Çalışma, klinik çalışmalarda kırmızı et tüketimindeki artışın mesane kanseri riskini artırdığını, ancak kohort/nüfus temelli çalışmalarda herhangi bir ilişki bulamadığını buldu. Ancak hem vaka-kontrol/klinik hem de kohort/nüfus temelli çalışmalarda işlenmiş et tüketimindeki artışın mesane kanseri riskini artırdığı bulunmuştur. 

Bu çalışmalar, kırmızı ve işlenmiş etin kanserojen etkileri olabileceğini ve ayrıca meme, akciğer ve mesane kanserleri gibi kolorektal kanser dışında başka kanser türlerine de neden olabileceğini düşündürmektedir.

Kırmızı Et ve İşlenmiş etlerden tamamen uzak durmalı mıyız?

Yukarıdaki çalışmaların tümü, yüksek miktarda kırmızı ve işlenmiş et alımının kanserojen olabileceğini ve kolorektal kansere ve meme, akciğer ve mesane kanserleri gibi diğer kanserlere yol açabileceğini kanıtlamak için yeterli kanıt sunmaktadır. Kanserin yanı sıra yüksek miktarda kırmızı ve işlenmiş et alımı da obezite ve kalp sorunlarına neden olabilir. Ancak bu, kişinin diyetten kırmızı etten tamamen uzak durması gerektiği anlamına mı geliyor? 

Amerikan Kanser Araştırma Enstitüsü'ne göre, sığır eti, domuz eti ve kuzu eti dahil olmak üzere kırmızı et alımını haftada 3 porsiyonla sınırlamak gerekir, bu da yaklaşık 350-500g pişmiş ağırlığa eşdeğerdir. Yani kolorektal hastalık riskini azaltmak için günde 50-70 gram pişmiş kırmızı etten fazla almamalıyız. kanser

Kırmızı etin besin değeri olduğunu göz önünde bulundurarak, kırmızı etten vazgeçemeyenler, yağsız kırmızı et almayı düşünebilir ve yağlı biftek ve pirzoladan uzak durabilir. 

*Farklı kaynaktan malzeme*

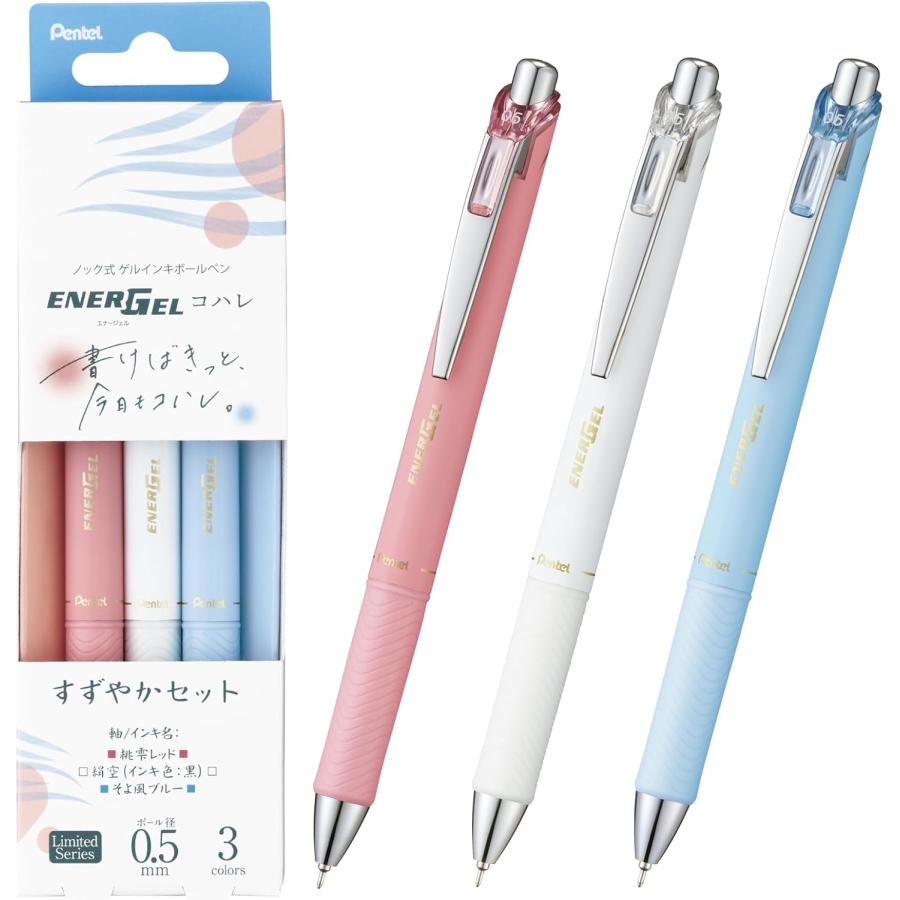 エナージェル ぺんてる ゲルインキボールペン 限定 コハレ 0.5mm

Pastırma, jambon, pepperoni, konserve sığır eti, sarsıntılı, sosisli sandviç, sosis ve salam gibi işlenmiş etlerden de mümkün olduğunca kaçınılması önerilir. 

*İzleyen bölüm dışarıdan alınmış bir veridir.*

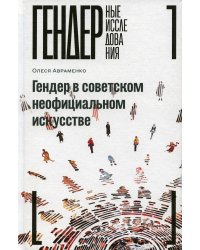 Гендер в советском неофициальном искусстве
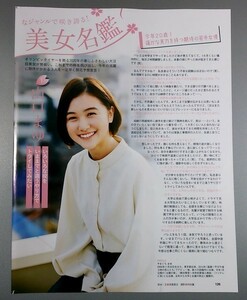 切り抜き 2020 今春注目!! 旬の美女名鑑【山口まゆ】【関根優那】【森保まどか】EX大衆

Kırmızı et ve işlenmiş eti tavuk, balık, süt ve mantarla değiştirmeye çalışmalıyız. Besin değeri açısından kırmızı et için mükemmel ikame olabilecek farklı bitki bazlı gıdalar da vardır. Bunlara fındık, baklagiller, tahıllar, bakliyat, ıspanak ve mantar dahildir.

Hangi yiyecekleri yediğiniz ve hangi takviyeleri aldığınız sizin verdiğiniz bir karardır. Kararınız, kanser gen mutasyonları, devam eden tedaviler ve takviyeler, alerjiler, yaşam tarzı bilgileri, kilo, boy ve alışkanlıkların dikkate alınmasını içermelidir.

Addon'dan kanser için beslenme planlaması internet aramalarına dayanmıyor. Bilim adamlarımız ve yazılım mühendislerimiz tarafından uygulanan moleküler bilime dayalı olarak karar vermeyi sizin için otomatikleştirir. Altta yatan biyokimyasal moleküler yolakları anlamakla ilgilenip ilgilenmediğinizden bağımsız olarak - kanser için beslenme planlaması için bu anlayışa ihtiyaç vardır.

Kanser adı, genetik mutasyonlar, devam eden tedaviler ve takviyeler, alerjiler, alışkanlıklar, yaşam tarzı, yaş grubu ve cinsiyet ile ilgili soruları yanıtlayarak beslenme planlamanıza ŞİMDİ başlayın.

örnek rapor

Kanser için Kişiye Özel Beslenme!

Kanser zamanla değişir. Beslenmenizi kanser belirtileri, tedaviler, yaşam tarzı, yiyecek tercihleri, alerjiler ve diğer faktörlere göre özelleştirin ve değiştirin.


Kanser hastaları genellikle farklı tedavilerle uğraşmak zorunda kalırlar. kemoterapi yan etkileri yaşam kalitelerini etkileyen ve kanser için alternatif tedaviler arayan alarak bilimsel düşüncelere dayalı doğru beslenme ve takviyeler (tahminlerden ve rastgele seçimden kaçınmak) kanser ve tedaviye bağlı yan etkiler için en iyi doğal çözümdür.


Bilimsel Olarak İnceleyen: Doktor Cogle

Christopher R. Cogle, Florida Üniversitesi'nde kadrolu bir profesör, Florida Medicaid'in Baş Tıbbi Sorumlusu ve Bob Graham Kamu Hizmeti Merkezi'nde Florida Sağlık Politikası Liderlik Akademisi Direktörüdür.

Bunu da okuyabilirsiniz

Bu gönderi ne kadar faydalı oldu?

Oy vermek için bir yıldıza tıklayın!

Ortalama puanı 4.3 / 5. Oy sayısı: 43

Şu ana kadar oy yok! Bu yazıyı ilk değerlendiren siz olun.

Bu yazıyı yararlı bulduğun gibi ...

Bizi sosyal medyada takip edin!

Maalesef, bu yayın sizin için yararlı değildi!

Bize bu yazıyı geliştirelim!

Bize bu yayını nasıl geliştirebileceğimizi söyle?